The incidence of CTS in the adult population is not common. In fact, the diagnosis is usually made in infancy or childhood, and the lack of treatment results in death in 75% of patients.3 Those that survive into adulthood will most likely be diagnosed by accident. In this example, the patient had no idea that he had a congenital defect, and had no family history of it. Of the many AF ablations we have performed, this was the first case of CTS we have ever seen. We found this case to be very interesting, and have learned that we never know what we will find until the procedure begins.

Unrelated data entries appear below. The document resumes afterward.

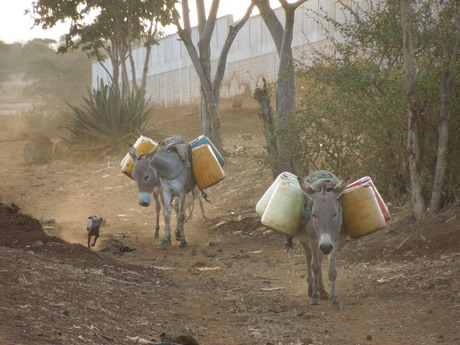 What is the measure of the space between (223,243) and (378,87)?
3783mm

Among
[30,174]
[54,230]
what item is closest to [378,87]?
[54,230]

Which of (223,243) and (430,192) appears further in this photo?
(223,243)

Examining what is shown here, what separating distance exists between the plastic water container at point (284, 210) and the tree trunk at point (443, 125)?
9.55 feet

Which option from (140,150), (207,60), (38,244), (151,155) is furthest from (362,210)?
(207,60)

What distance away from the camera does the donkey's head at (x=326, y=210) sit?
5.68 metres

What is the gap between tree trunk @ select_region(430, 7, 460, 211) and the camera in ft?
26.3

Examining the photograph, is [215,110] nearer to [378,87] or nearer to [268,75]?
[378,87]

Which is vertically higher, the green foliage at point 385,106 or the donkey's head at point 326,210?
the green foliage at point 385,106

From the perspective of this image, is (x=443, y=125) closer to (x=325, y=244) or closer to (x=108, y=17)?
(x=325, y=244)

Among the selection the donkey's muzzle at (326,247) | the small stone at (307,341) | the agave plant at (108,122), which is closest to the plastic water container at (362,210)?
the donkey's muzzle at (326,247)

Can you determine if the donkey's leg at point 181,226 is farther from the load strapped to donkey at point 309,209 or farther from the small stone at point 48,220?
the load strapped to donkey at point 309,209

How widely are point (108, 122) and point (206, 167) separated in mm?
10751

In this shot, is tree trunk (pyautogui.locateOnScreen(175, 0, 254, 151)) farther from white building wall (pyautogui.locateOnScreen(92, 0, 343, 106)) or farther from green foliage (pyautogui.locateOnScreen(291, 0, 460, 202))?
white building wall (pyautogui.locateOnScreen(92, 0, 343, 106))

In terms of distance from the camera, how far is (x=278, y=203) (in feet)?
20.0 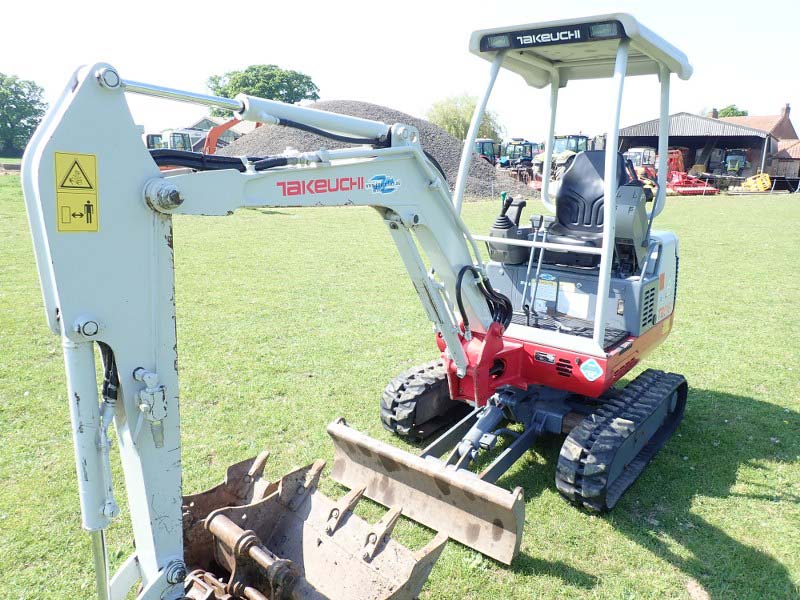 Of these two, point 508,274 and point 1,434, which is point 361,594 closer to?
point 508,274

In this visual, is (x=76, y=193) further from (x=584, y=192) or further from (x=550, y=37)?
(x=584, y=192)

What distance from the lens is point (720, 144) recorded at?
46.8 meters

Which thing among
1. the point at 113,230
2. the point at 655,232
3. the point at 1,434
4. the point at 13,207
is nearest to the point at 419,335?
the point at 655,232

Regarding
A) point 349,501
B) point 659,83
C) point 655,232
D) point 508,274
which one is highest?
point 659,83

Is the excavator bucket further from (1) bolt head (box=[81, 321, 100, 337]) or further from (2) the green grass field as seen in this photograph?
(1) bolt head (box=[81, 321, 100, 337])

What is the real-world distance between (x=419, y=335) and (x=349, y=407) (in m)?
2.33

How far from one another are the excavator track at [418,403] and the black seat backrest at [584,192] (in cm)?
168

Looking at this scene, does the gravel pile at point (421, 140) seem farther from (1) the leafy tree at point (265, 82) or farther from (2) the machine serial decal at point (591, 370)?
(1) the leafy tree at point (265, 82)

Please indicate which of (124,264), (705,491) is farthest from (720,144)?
(124,264)

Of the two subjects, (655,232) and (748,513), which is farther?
(655,232)

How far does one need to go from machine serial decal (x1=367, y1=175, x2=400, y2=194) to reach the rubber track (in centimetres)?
214

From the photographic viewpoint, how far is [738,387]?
6543 mm

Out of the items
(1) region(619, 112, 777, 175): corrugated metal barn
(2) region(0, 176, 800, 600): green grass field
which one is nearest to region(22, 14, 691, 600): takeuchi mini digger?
(2) region(0, 176, 800, 600): green grass field

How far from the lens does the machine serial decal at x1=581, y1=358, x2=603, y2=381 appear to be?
14.5ft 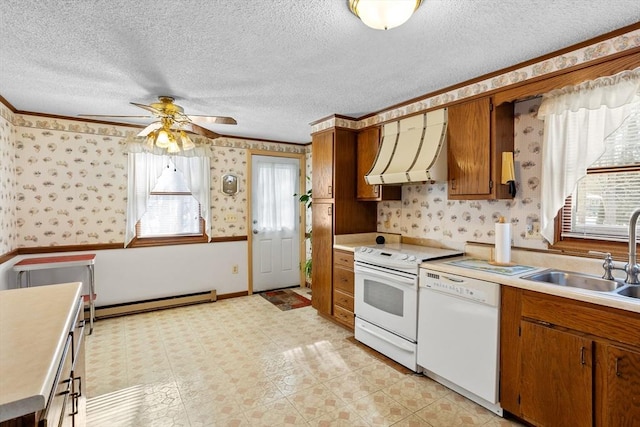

Disclosures: The authors have no conflicts of interest to report regarding the content herein. 

References

  1. Gavin A, Singleton C, McGavigan AD. Successful Multi-chamber Catheter Ablation of Persistent Atrial Fibrillation in Cor Triatriatum Sinister. Indian Pacing Electrophysiol J. 2011;11(2):
  2. 50-5. 
  3. Nassar P, Hamdan R. Cor Triatriatum Sinistrum: Classification and Imaging Modalities. Eur J Cardiovasc Med. 2011;1(3):84-87.
  4. Troxclair D, Ross KF, Newman WP 3rd. Cor triatriatum sinistrum: a rare congenital cardiac anomaly presenting in an adult with chronic atrial fibrillation. Am J Forensic Med Pathol. 2005;26(3):282-284.